I don't know if this is God's way of teaching me patience or what, but I hope soon He decides to teach me a lesson in starting a new job. 

Wednesday, May 2, 2012

Making Memories


As I said in an earlier post, I had a good lunch yesterday with some old friends.  One of them stated that he had started a journal for his children and was trying to decide when the appropriate time to give it to them would be.  He had decided that when they have children of their own is best.  That way they will appreciate the journal even more.  Hopefully, it will help them understand what was going on "behind the scenes" at the time and what was going through mom and dad's minds when they made some decisions or something happened.

I liked the idea so much that I went to Walmart tonight and bought 3 journals for my kids.  I'm not going to write in them every day, but hopefully will put something in them every month or so and anytime there is a significant event in their life.  Why not do it online?  I think it would have more meaning when they get older if they can read it in my handwriting.  It would be as if I was right there with them telling them the story instead of them reading it.  It will be interesting to see how many of them I fill up for each child.  But I look forward to writing in them and then going back myself to look and see what was going on at that point in their lives. 

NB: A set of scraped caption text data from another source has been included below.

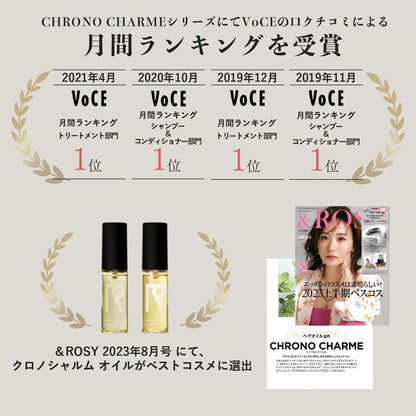 Chrono Charme Shiguchi Body Milk 300ml - Hydrating Skincare Collection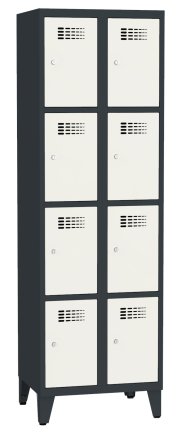 Szafka pracownicza BHP metalowa Sus 324 szer. 600 mm - 7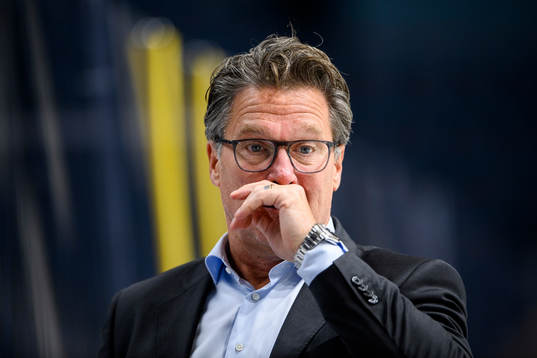 s tränare Håkan Åhlund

I hope they will appreciate it some day.

Tuesday, May 1, 2012

Why Do You Keep Doing That?

I had the great privilege today of eating lunch with a couple of old friends.  We talked about everything from work to faith to movies.  One of the most interesting conversations we had was about our children.

As parents, we have all been there.  Our children keep doing the same things that get them in trouble.  Each of mine have their own quirks.  With Cade, we have to tell him about 10 times to do something.  Kenna throws temper tantrums and Case has complete meltdowns when it's time to turn off the Wii or PS3.  Chad was telling us that his son, age 5, continues to do the same things to get in trouble.  When Chad ask him why he continues to do that, his answer is straight forward and brutally honest:  Because I wanted to.  We have the same conversations with our kids.  "Why do you continue to do the same things time and time again knowing that there will be negative consequences for your actions?"  We want to sometimes just take them by the shoulders and shake them to get them to understand that we are tired of always getting on to them for the same things.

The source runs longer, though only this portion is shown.